Sunday, June 18, 2017

169 - Big Deal on Madonna Street, 1958, Italy. Dir. Mario Monicelli.

Sunday, June 18, 2017

169 - Big Deal on Madonna Street, 1958, Italy.  Dir. Mario Monicelli.

Would you like to go to jail?

It is only for a few months, and it pays well.

Capannelle would do it himself, but he has already been in three times.  Next time is life.

Mario is thinking about it.

After all, 100,000 lira is good pay.

But he and his wife did have just had a baby.  In fact, he is shopping for a stroller now.

It's not like I don't want to, but what do I tell my mother?

Send the Sicilian guy.

Ferribotte?  Michele Ferribotte.  He has a sister named Carmelina.  He keeps her under lock and key. To protect her.  She drives men mad.

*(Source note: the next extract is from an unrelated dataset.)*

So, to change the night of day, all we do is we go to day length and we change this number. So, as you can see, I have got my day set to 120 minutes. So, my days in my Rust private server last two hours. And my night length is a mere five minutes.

He hesitates too.  He is trying to get her married off.  What would the groom say?  You know how those people from the North are.

Capannelle is running out of options.

It is so difficult finding a scapegoat these days.

What can he do?

He owes Cosimo.

He was with him when Cosimo got caught.  Cosimo had just broken into a car by smashing the passenger window with a rock.  He was trying his set of master keys when the car alarm went off. Capannelle was standing lookout and he came running to tell Cosimo the cops were coming. Capanelle got away but Cosimo did not.

Now Cosimo is in jail.

He is talking to his lawyer.

The best I can get you is the minimum sentence.

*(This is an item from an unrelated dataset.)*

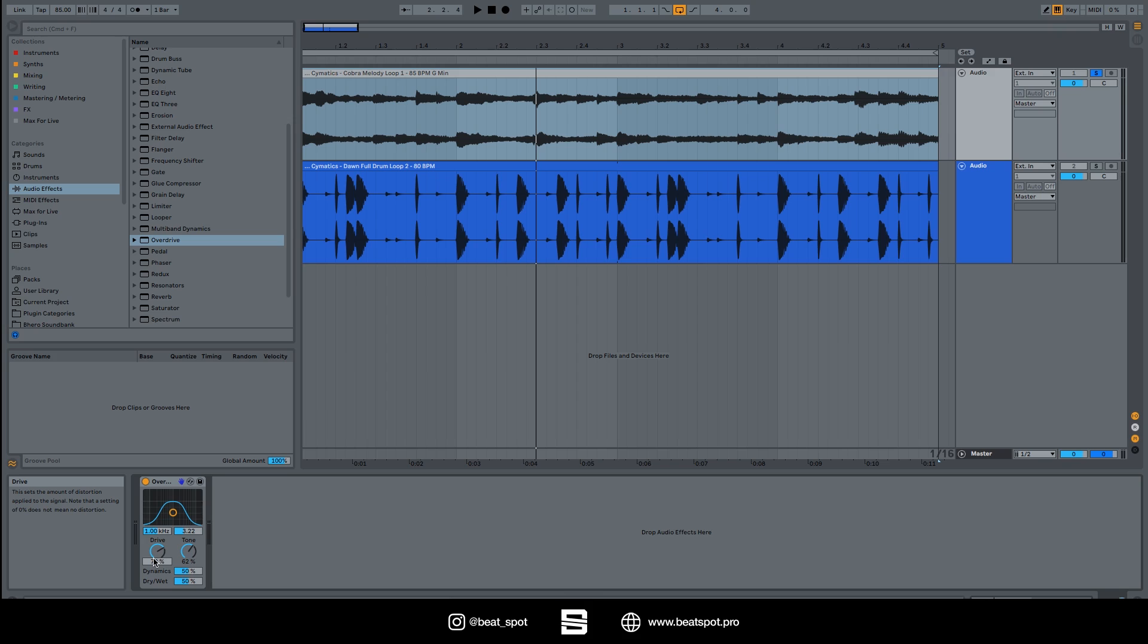The tone acts like a post-distortion EQ. At higher values, the signal has more high frequency content. So we'll hear in a while how it sounds.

Are you kidding?  I haven't confessed yet.

Cosimo knows the law.

Better than his attorney.

Cosimo explains that Article 403 is no good.  Go to 117 on page 128.

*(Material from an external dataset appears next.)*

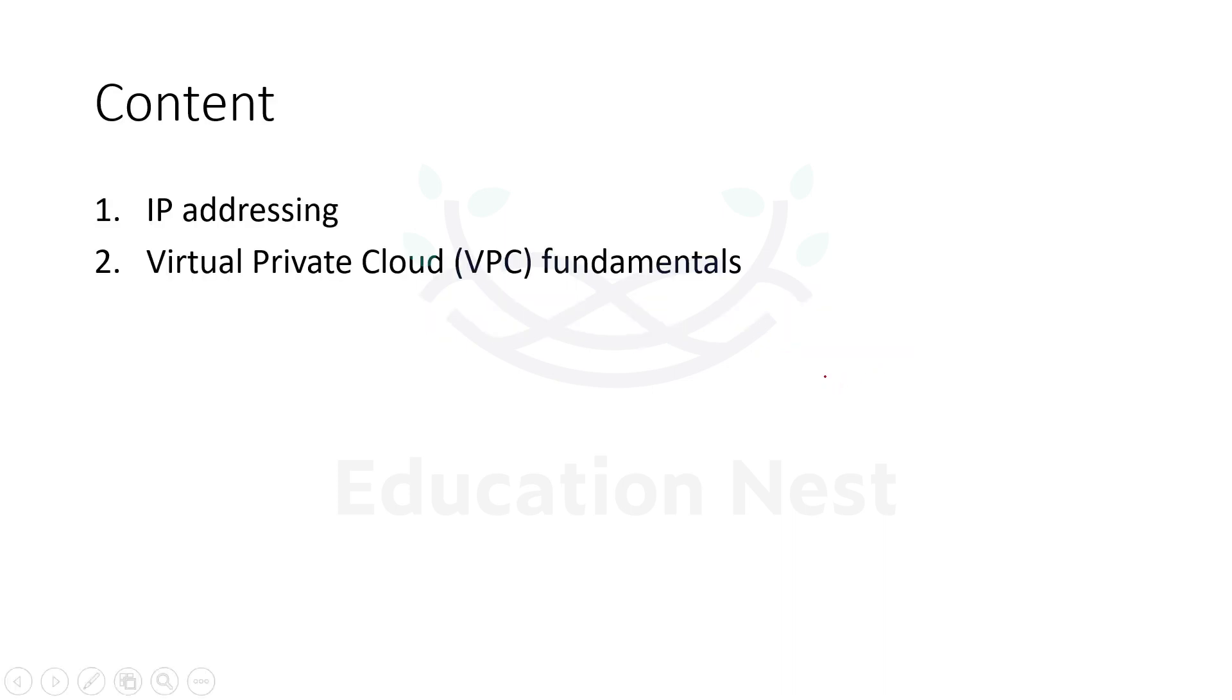Just to remind you what contents we are going to cover: we are going to cover IP addressing as well as understand what VPC is and the fundamentals of it.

His attorney has to look it up.  Cosimo knows it all by memory.

Counselor suggests 521.

That's no good any more.  We gotta claim 124 or 606.

Counselor asks about the 1400.

What is the 1400?

That is the model you tried to steal.

Steal?  I don't even have a driver's license.

The prisoner next to him is yelling.

Cosimo confronts him.

Can't you yell quietly?

He just told me my grandmother has been asleep for five days.

Well, keep it down or you'll wake her up!

Cosimo needs to get out of jail right now.  He met a man in there who told him about this job, see. He needs to get out so that he can do this job so that he can be set for life.

Then he can by his girl Norma a fur coat.

His girl Norma is standing next to Counselor.  On the other side of the visitor's fence.

She says she would rather have him ask her to marry him than to have the fur coat.

He says he is in now for a short sentence.  Why exchange that for life?

He fires his lawyer.

I'll call you when I need to draw up my will.

He talks to Norma.

That is when he asks her to call Cappanelle and look for a substitute.

Finally, Cappanelle finds someone.

Peppe.

Peppe has a clean record.

He takes the rap.

He takes the money.

He tells the judge it was he who tried to steal the car.  That he got away.  That when he saw they had arrested an innocent man, his conscience got the best of him, so he came down to confess.

The judge gladly obliges him.  And puts him in jail.

But he does not release Cosimo.

Smart judge.

While in jail together, Cosimo tells Peppe about this new job, see.

Then Peppe gets out.

Then Peppe orchestrates the job.

While Cosimo gets left out.  Still stuck in jail.

That did not work out.

No worries, Cosimo.  Peppe will assemble one of the most incompetent gangs of ragamuffins ever to bungle a burglary.

The Bungling Burglars.  The Burgling Bunglers.

The rest of the film follows their foolishness one mistake after another as they take a bad situation and make it worse.

What is better than a great heist film?

A great comedy heist film.

Some critics classify this one as not only one of the great Italian comedies but also one of the great Italian films overall.

If you like Woody Allen's Small Time Crooks or Alexander Mackendrick's The Ladykillers, then you may enjoy Big Deal on Madonna Street.

It showcased Marcello Mastroianni and Claudia Cardinale before they were famous.

Now which wall were we supposed to bore a hole through?